Nets 82
Pacers 75
INDIANAPOLIS – The Nets are winning dirty.
No, not Bill Laimbeer or pro wrestling dirty. But get down and sweat and defend to the death dirty.
“Down in the trenches dirty,” Byron Scott says. And against the Pacers, who became the latest victims last night, the Nets did a lot of defending and sweating.
A seemingly safe 16-point lead midway through the fourth quarter became an inexplicably tight two-point affair in the final minute.

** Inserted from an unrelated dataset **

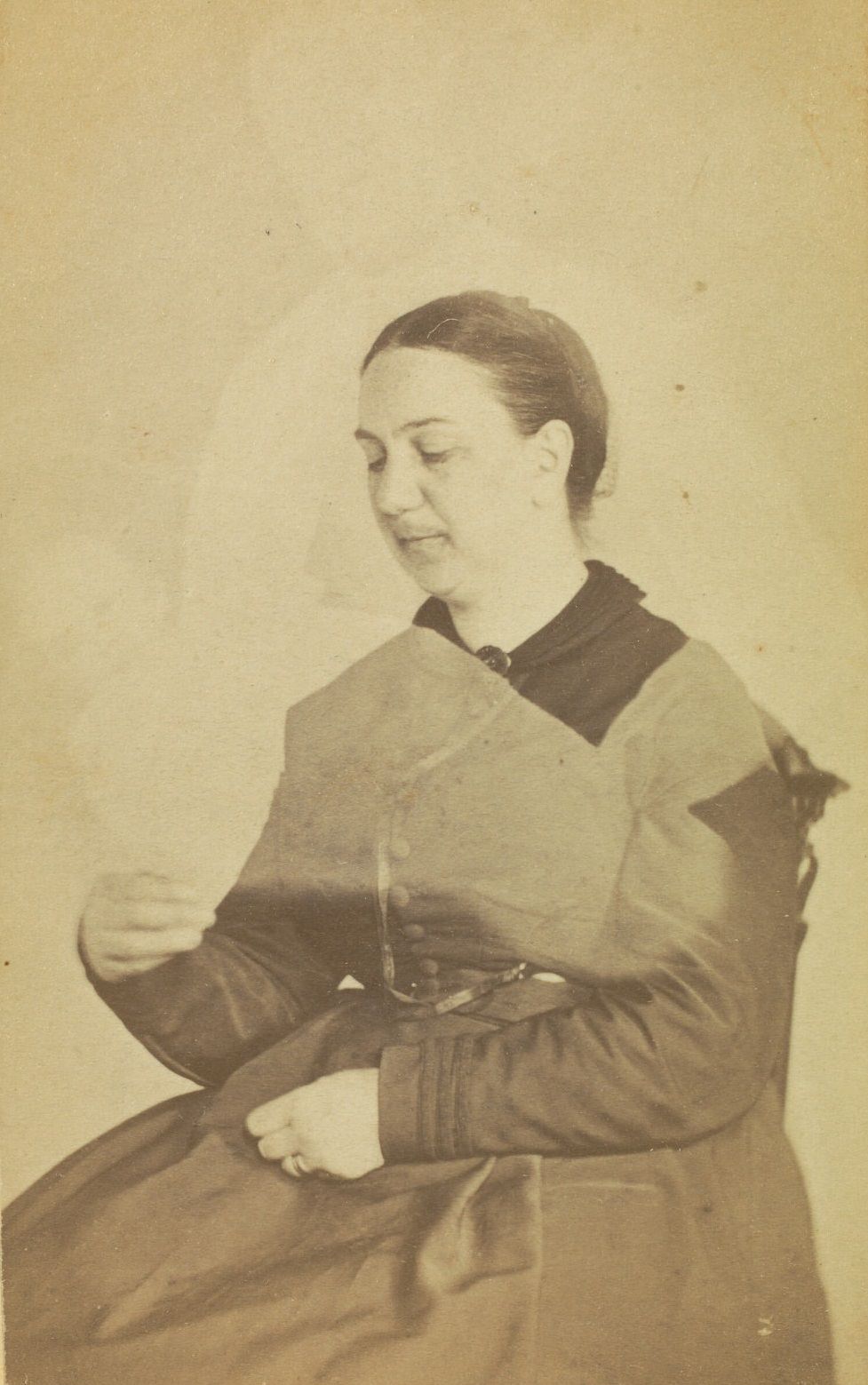 #21 Portrait of Mrs. H.B. Sawyer, looking down at her hand. The faint image of a person is visible above her, with the faint image of a baby across her.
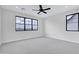 Bright, spacious bedroom with a ceiling fan and large windows offering ample natural light at 26655 S 169Th Pl, Queen Creek, AZ 85142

But the Nets made all the necessary plays in the endgame – including huge baskets by Kenyon Martin and Richard Jefferson, an equally big steal from Jason Kidd and a comparably dumb technical foul by Indiana’s Reggie Miller – to complete impressive back-to-back wins with a 82-75 victory over the Pacers for their ninth triumph in 11 games.
“It might not be pretty, we might not score over 100 points, but the bottom line is winning and we did that again tonight,” said Kidd (16 points, 14 assists, 10 rebounds) who claimed his second triple double in as many nights (which he last did Jan 31-Feb. 2, 2002), his sixth of the season and the 56th of his career. He became the first player to do it on back to back nights since he did it Dec. 17-18, 1999.
So by outlasting the Pacers (21-10) who are tied with the Spurs for the NBA high in wins, the Nets (16-13) ended in winning fashion what Scott called the “two toughest tests we’ll have for awhile,” road games at Detroit and Indy. And the two victories reaffirmed to the Nets something they all believe to a man.
“Until somebody can prove me wrong, we’re still the best team in the East,” said Scott, whose two-time defending Eastern champs claimed a 1½ game lead in the Atlantic. “These two games proved we’re not going away.”
But this almost proved the Nets can blow big leads with alarmingly quickness.
The sellout crowd sat in silence as the Nets seemingly salted this one away midway through the fourth quarter. When Kidd backed in and nailed a turnaround jumper, the Nets were cruising, 75-59. With the way they were defending and working for good shots, no way this wouldn’t stand up, huh?
But led by Al Harrington (22 points), the Pacers – who lost back-to-back games for the first time this season and also lost coach Rick Carlisle to technicals in the third quarter – stormed back with 13 straight points as the Nets bricked six shots in a row. A Harrington fastbreak made it 75-72. The Nets were reeling until Martin (23 points, 13 rebounds for his 13th double-double and fifth in six games) restored order with a big jump hook.
“We had missed six straight jumpers so they called a play for me in the post,” said Martin who teamed with Jason Collins to keep All-Star Jermaine O’Neal (13 points, 11 rebounds) relatively under control.
Miller answered with a 3-pointer to make it 77-75 and then Jefferson (20 points) took a Kidd feed for an 18-footer at :40.0.
On the Pacers’ ensuing possession, Kidd stripped Miller who then fouled and then was called for a technical at :31.7. Kidd made 2-of-3. and that wasn’t the only steaming the Pacers did.
Carlisle, who benched Ron Artest at halftime and then was restrained from going after ref Scott Wall, afterwards said the Pacers are “young and immature as hell” and explained he sat Artest “for conduct that was detrimental to winning.”
See? Controversy hits other teams. The Nets feel they’re beyond that. They’re into winning. And winning dirty.